One frame of the video for "Missing You" where the Saturdays are seen in Summer maxi dresses, dancing on the beach in Málaga.

The video begins with footage of Frankie Sandford sitting in a tree; Mollie King is show riding a bike along a dustry road; while Vanessa White is leaning against the walls of a crumbling building; the camera flies past Rochelle Wiseman, who stands on the beach by the water's edge and Una Healy drives a convertible car along a dusty road. As the chorus plays for the first time, the cameras follow the girls as they respectively walk around their surroundings, bar Sandford who remains in the tree and White who does not move from her spot. In the verse following, King is sitting by the road side with her bike and Wiseman is seen sitting on the rocks near the water's edge. Then as the chorus breaks for the second time the girls are seen dancing a choreographed routine on a sandy beach. Each is wearing a flowing maxi dress (see image alongside).

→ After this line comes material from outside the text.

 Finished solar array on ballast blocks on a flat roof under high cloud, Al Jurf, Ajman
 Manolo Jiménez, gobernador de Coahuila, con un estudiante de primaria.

The song's bridge mainly focusses on footage of the girls at a beach party dancing to the DJ, while the final run of the chorus sees the camera rotate around the girls as they dance on the beach. There is a brief view of the seaside villas in the background. It ends by showing the footage from the scenes at the start of the video, showing each of the girls in turn.

=== Reception ===
A reviewer from 'Osoblog.tv' was less critical of the video, instead calling it an advert for the Summer. "The band walked around on a beach and danced in a rock pool (with artful splashing) while dressed in a variety of beachwear. It makes us want to go on a holiday." The reviewer from OK! magazine agreed saying "quite frankly the whole thing has us aching for a summer holiday" and then compared it a holiday the group might go on. "All in all it's a pretty standard summer for the girls who show off super toned physiques, plenty of midriff and a collection of maxi-dresses we can't help, but covet."

== Live performances ==
The Saturdays have performed the single at T4 on the Beach 2010, where member of the band, Mollie King was absent from the performance, after a horsefly bite left her on crutches and thus unable to perform. King was absent from a number of other performances the Saturdays performed to promote the single. On 1 August 2010, all of the members of The Saturdays performed on Alan Carr: Chatty Man and they were interviewed on GMTV three days later. On 10 August 2010, the group appeared at the Habbo Hotel in London, for a 'Meet and Greet' session in promotion of "Missing You".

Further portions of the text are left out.